On March 27, 2017, President Trump signed a Farm Bureau-supported resolution (H.J. Res. 44) to stop an Obama administration rule that would weaken the influence of local and regional input on Bureau of Land Management decisions. The Senate in early March joined the House in approving this resolution.

Known as “Planning 2.0,” the far-reaching rule incorporated numerous Obama-era presidential and secretarial orders, along with internal agency guidance and policy documents. By reducing the opportunity for public comment, minimizing federal requirements to coordinate with state and local governments and imposing new mitigation requirements, Planning 2.0 would have caused significant problems in the federal land use planning processes.

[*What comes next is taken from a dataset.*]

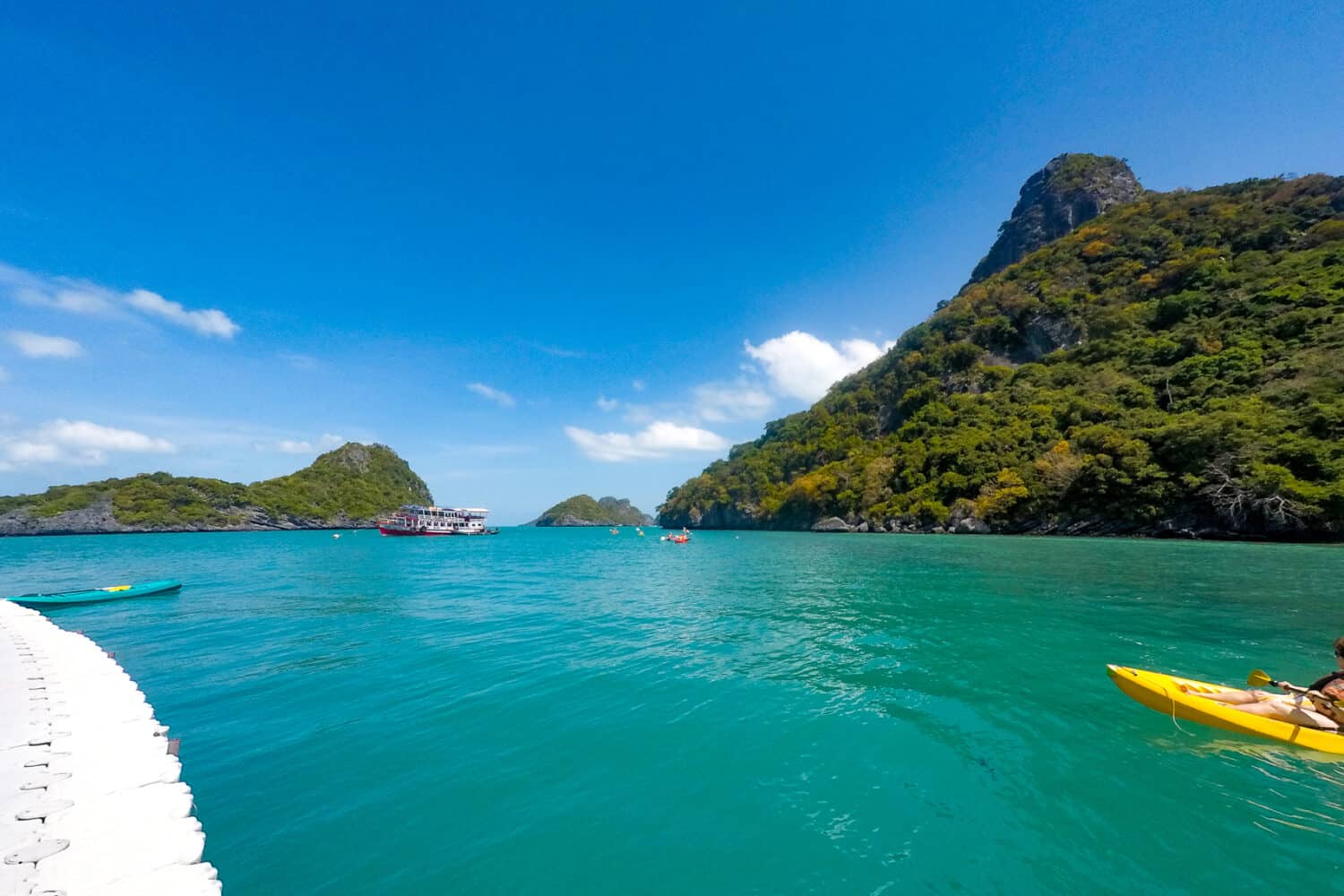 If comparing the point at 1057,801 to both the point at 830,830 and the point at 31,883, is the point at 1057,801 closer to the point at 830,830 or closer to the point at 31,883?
the point at 830,830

“The rule demonstrated a clear overreach by the BLM, in spite of the agency’s claim that the ‘primary goal of the proposed rulemaking process is to improve the agency’s ability to respond to environmental, economic and social changes in a timely manner’,” wrote the American Farm Bureau Federation and 12 Western state Farm Bureaus in a letter to Senate Majority Leader Mitch McConnell (R-Ky.) and Speaker of the House Paul Ryan (R-Wis.).

In addition to AFBF, the groups that signed the letter are: Alaska Farm Bureau, Arizona Farm Bureau, California Farm Bureau, Colorado Farm Bureau, Idaho Farm Bureau, Montana Farm Bureau, Nevada Farm Bureau, New Mexico Farm and Livestock Bureau, Oregon Farm Bureau, Washington Farm Bureau, Wyoming Farm Bureau and Utah Farm Bureau.